EXERCISE DETAILS:
Repeat exactly the lines of the records below, starting at the line containing "1109 Buena Vista" and ending at the line containing "Bed and Breakfast". Leave the pictures out.

DATA TO USE:
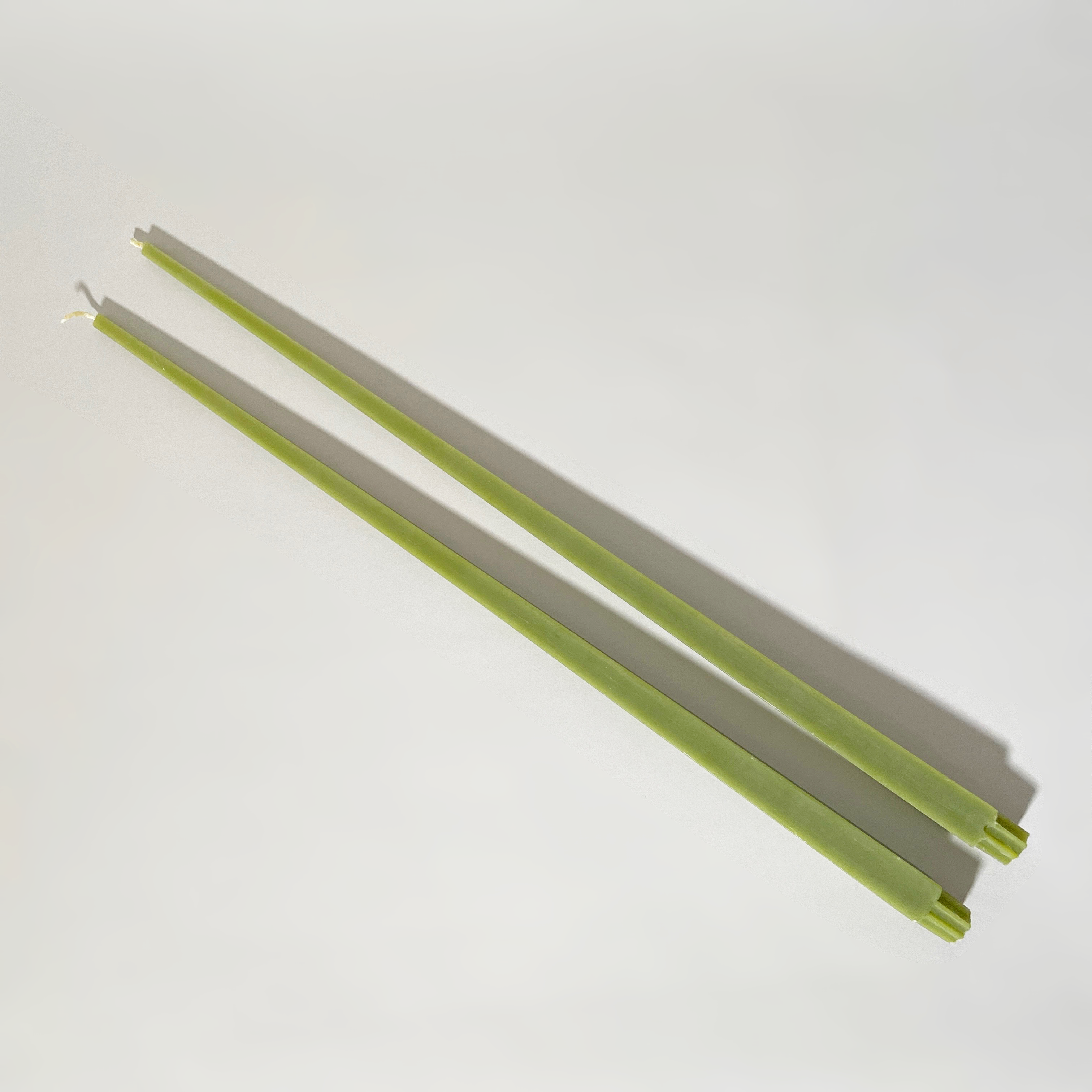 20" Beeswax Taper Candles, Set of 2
* * *
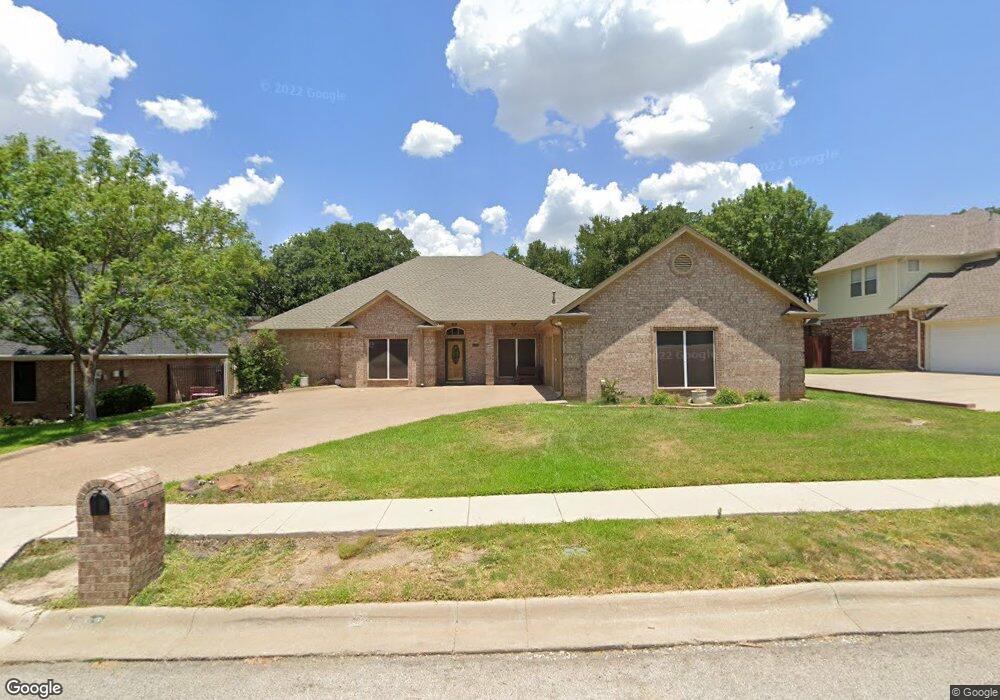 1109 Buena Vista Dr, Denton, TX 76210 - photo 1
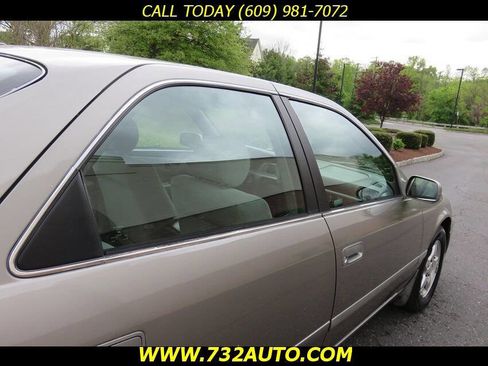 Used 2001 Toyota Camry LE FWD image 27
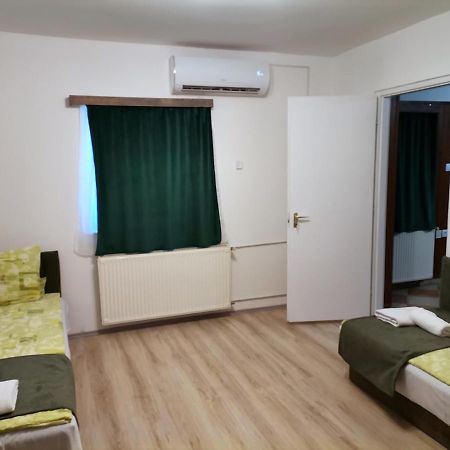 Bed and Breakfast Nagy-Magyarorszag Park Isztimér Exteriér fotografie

FINISHED EXERCISE:
 1109 Buena Vista Dr, Denton, TX 76210 - photo 1
 Used 2001 Toyota Camry LE FWD image 27
 Bed and Breakfast Nagy-Magyarorszag Park Isztimér Exteriér fotografie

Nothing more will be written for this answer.